Skills are reusable pieces of knowledge — procedures, policies, FAQs, or anything your team needs to reference. In Slack, just tell Kit what you want to save:
"Create a skill called closing-checklist with our end-of-day steps: lock the front door, run the register report, and set the alarm."
You can also upload files directly in Slack — PDFs, Word docs, markdown, or even ZIP archives. Kit will read them and create skills automatically.
Via MCP, use the create_skill tool with a name, description, and content. Skills are written in markdown.
By default, skills are visible to everyone. You can scope them to a specific role (e.g. "managers") when creating.
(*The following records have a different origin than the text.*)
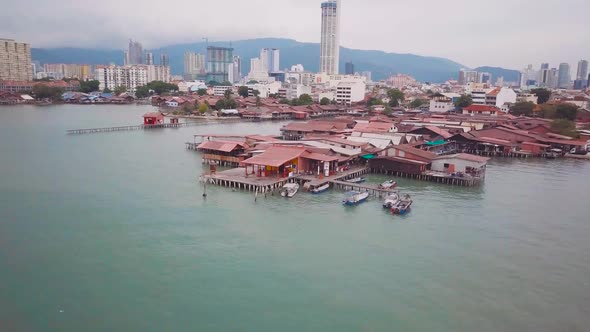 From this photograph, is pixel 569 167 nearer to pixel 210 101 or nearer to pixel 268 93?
pixel 210 101

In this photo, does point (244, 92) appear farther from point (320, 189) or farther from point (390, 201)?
point (390, 201)

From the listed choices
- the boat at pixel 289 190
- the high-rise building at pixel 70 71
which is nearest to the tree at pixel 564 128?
the boat at pixel 289 190

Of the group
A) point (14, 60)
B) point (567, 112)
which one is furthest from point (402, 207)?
point (14, 60)

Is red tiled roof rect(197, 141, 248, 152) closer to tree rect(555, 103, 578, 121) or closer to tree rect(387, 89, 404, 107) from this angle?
tree rect(555, 103, 578, 121)

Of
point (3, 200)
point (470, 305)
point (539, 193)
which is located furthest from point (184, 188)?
point (539, 193)

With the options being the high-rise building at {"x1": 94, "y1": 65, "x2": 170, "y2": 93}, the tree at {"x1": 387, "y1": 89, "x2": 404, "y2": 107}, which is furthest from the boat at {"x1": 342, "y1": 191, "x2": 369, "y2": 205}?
the high-rise building at {"x1": 94, "y1": 65, "x2": 170, "y2": 93}

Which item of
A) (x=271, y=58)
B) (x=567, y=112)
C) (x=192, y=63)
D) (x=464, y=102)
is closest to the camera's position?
(x=567, y=112)

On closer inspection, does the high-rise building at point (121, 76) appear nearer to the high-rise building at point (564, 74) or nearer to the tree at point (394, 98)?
the tree at point (394, 98) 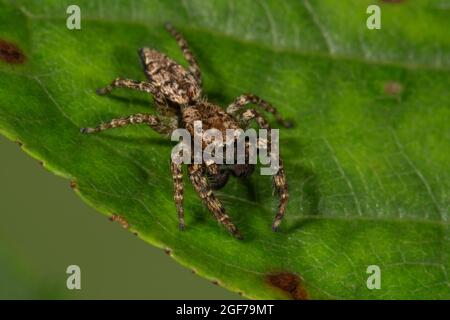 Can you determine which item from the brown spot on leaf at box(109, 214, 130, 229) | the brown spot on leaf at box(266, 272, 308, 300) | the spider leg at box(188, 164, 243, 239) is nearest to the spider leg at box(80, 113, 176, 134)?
the spider leg at box(188, 164, 243, 239)

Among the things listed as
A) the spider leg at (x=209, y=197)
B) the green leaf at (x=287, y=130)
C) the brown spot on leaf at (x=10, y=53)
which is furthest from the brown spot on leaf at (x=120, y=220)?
the brown spot on leaf at (x=10, y=53)

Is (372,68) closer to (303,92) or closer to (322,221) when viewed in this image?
(303,92)

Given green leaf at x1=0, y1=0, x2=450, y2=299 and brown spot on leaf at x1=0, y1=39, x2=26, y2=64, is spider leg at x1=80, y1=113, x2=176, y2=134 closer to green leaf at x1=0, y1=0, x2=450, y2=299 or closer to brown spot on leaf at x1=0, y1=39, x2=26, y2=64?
green leaf at x1=0, y1=0, x2=450, y2=299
Rules tell Kit's AI agent how to behave — tone, policies, guardrails. Think of them as standing instructions. In Slack:
"Add a rule: always suggest checking the employee handbook before answering HR questions."
Via MCP, use create_rule with the rule content and an optional priority (lower number = higher priority).
Rules can be scoped to specific roles so different teams get different behavior.
Tasks let Kit do things on a schedule — daily summaries, weekly reminders, recurring reports. Just describe when in plain language:
"Every weekday at 9am, post a morning briefing to this channel." "Every Monday at 8am, remind the team about the weekly standup." "Tomorrow at 3pm, send me the sales report."
Kit understands natural schedules — no cron syntax needed. You can also create one-time tasks by specifying a date and time.
Kit uses roles to control access. Create roles (e.g. "managers", "kitchen-staff"), assign users, then scope skills, rules, and tasks to those roles.
"Create a role called managers" "Assign @jane to managers" "Create a skill called payroll-process scoped to managers"
Anything scoped to "tenant" is visible to everyone. Anything with no scopes is invisible (default deny).
In Slack, just ask a question — Kit automatically searches relevant skills and memories to answer.
"What's our return policy?" "How do I close out the register?"
Via MCP, use search_skills with a query, or list_skills to browse everything you have access to.